Now, for my biggest donation yet . . .

I gazed in awe at the new stadium, the future home of Spurs, wondering where my treasures will go. It is going to be one of the architectural wonders of the modern world (football stadia division), yet at the same time it seems ancient, archaic, a Roman ruin, very much like an amphitheatre I once saw in Croatia. It’s at the stage in a new construction when you can see all the bones and none of the flesh, with huge tiers soaring up into the sky. You can’t tell if it’s going or coming, a past perfect ruin or a perfect future model.

It has been so annoying at White Hart Lane this past year or so, having to walk round walkways and under awnings and dodge fences and hoardings, losing all sense of direction. Millions of pounds were being poured into what appeared to be a hole in the ground. The new stadium will replace part of one end of the present one, which was built in 1898. It has been hard not to be unaware of what’s going on, continually asking ourselves, as we take our seats: did the earth move for you?

Now, at long last, you can see what will be there, when it emerges from the scaffolding in another year. Awesome, of course. And, har, har, it will hold more people than Arsenal’s new home by 1,000 (61,000, as opposed to the puny Emirates, with only 60,000). At each home game, I am thinking about the future, wondering how my treasures will fare: will they be happy there?

No, I don’t mean Harry Kane, Danny Rose and Kyle Walker – local as well as national treasures. Not many Prem teams these days can boast quite as many English persons in their ranks. I mean my treasures, stuff wot I have been collecting these past 50 years.

About ten years ago, I went to a shareholders’ meeting at White Hart Lane when the embryonic plans for the new stadium were being announced. I stood up when questions were called for and asked the chairman, Daniel Levy, about having a museum in the new stadium. I told him that Man United had made £1m the previous year from their museum. Surely Spurs should make room for one in the brave new mega-stadium – to show off our long and proud history, delight the fans and all those interested in football history and make a few bob.

He mumbled something – fluent enough, as he did go to Cambridge – but gave nothing away, like the PM caught at Prime Minister’s Questions with an unexpected question.

But now it is going to happen. The people who are designing the museum are coming from Manchester to look at my treasures. They asked for a list but I said, “No chance.” I must have 2,000 items of Spurs memorabilia. I could be dead by the time I finish listing them. They’ll have to see them, in the flesh, and then they’ll be free to take away whatever they might consider worth having in the new museum.

I’m awfully kind that way, partly because I have always looked on supporting Spurs as a form of charity. You don’t expect any reward. Nor could you expect a great deal of pleasure, these past few decades, and certainly not the other day at Liverpool when they were shite. But you do want to help them, poor things.

I have been downsizing since my wife died, and since we sold our Loweswater house, and I’m now clearing out some of my treasures.

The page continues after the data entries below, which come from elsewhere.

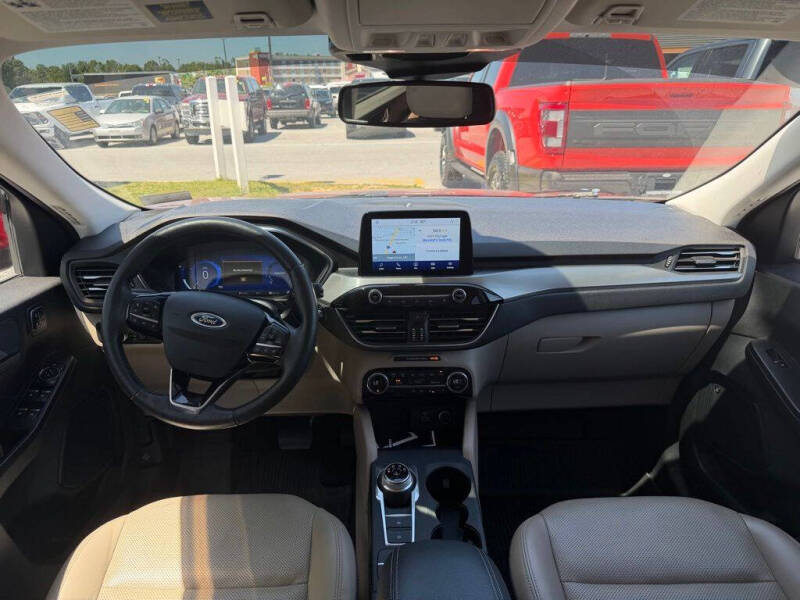 2021 Ford Escape Titanium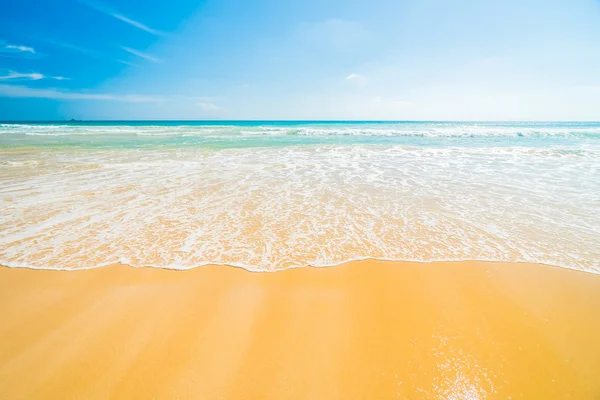 Hermosa playa tropical y el mar — Foto de Stock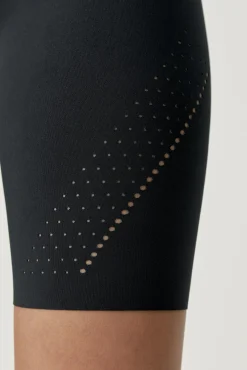 Born Living Yoga Short Soata Black Negro Clearance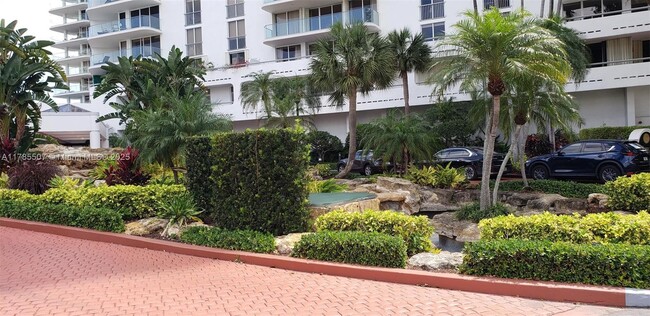 Foto del edificio - 19707 Turnberry Way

I’ve donated a very rare Wordsworth book to Dove Cottage, five letters from Beatrix Potter to the Armitt Library in Ambleside, and handwritten Beatles lyrics to the British Library. If Beckham and I don’t get a knighthood in the next honours list, I will be spitting.

My Spurs stuff includes programmes going back to 1910, plus recent stuff like the Opus book, that monster publication, about the size of a black cab. Limited editions cost £8,000 a copy in 2007. I got mine free, as I did the introduction and loaned them photographs. I will be glad to get rid of it. It’s blocking the light in my room.

Perhaps, depending on what they want, and they might take nothing, I will ask for a small pourboire in return. Two free tickets in the new stadium. For life. Or longer . . . 

Hunter Davies is a journalist, broadcaster and profilic author perhaps best known for writing about the Beatles. He is an ardent Tottenham fan and writes a regular column on football for the New Statesman.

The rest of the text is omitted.